EXERCISE: Output each line of the data below exactly, omitting any image.

GIVEN DATA:
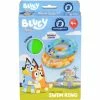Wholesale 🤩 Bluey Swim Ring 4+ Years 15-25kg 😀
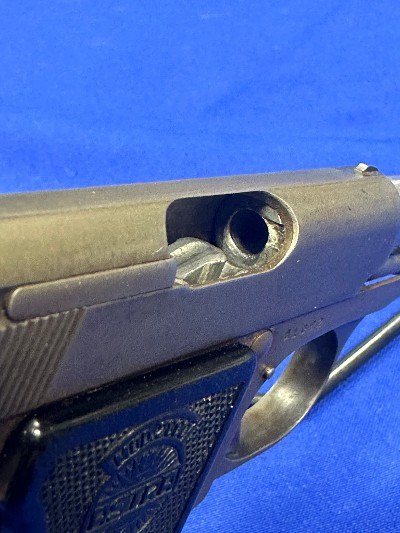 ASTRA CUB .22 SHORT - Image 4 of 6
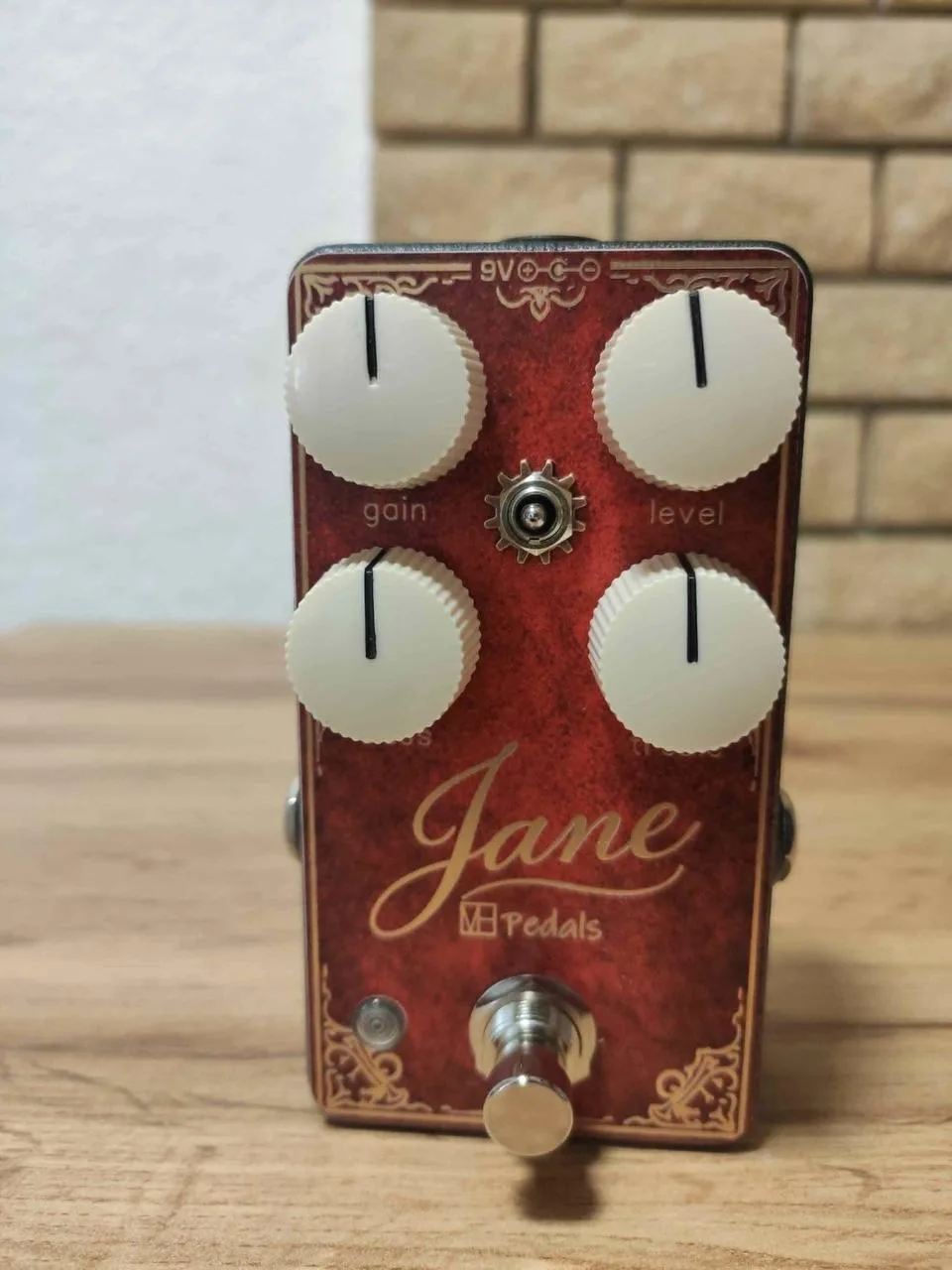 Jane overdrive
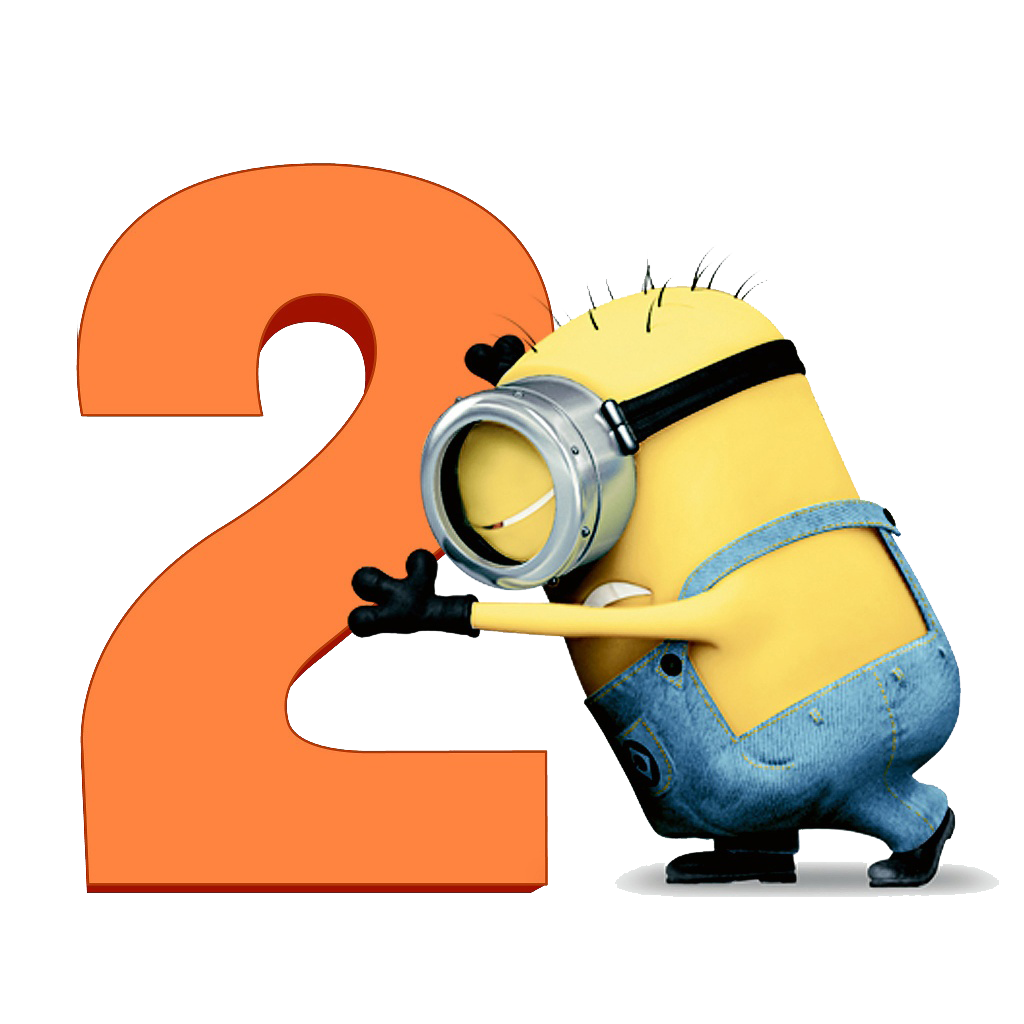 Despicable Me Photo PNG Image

EXERCISE RESULT:
Wholesale 🤩 Bluey Swim Ring 4+ Years 15-25kg 😀
 ASTRA CUB .22 SHORT - Image 4 of 6
 Jane overdrive
 Despicable Me Photo PNG Image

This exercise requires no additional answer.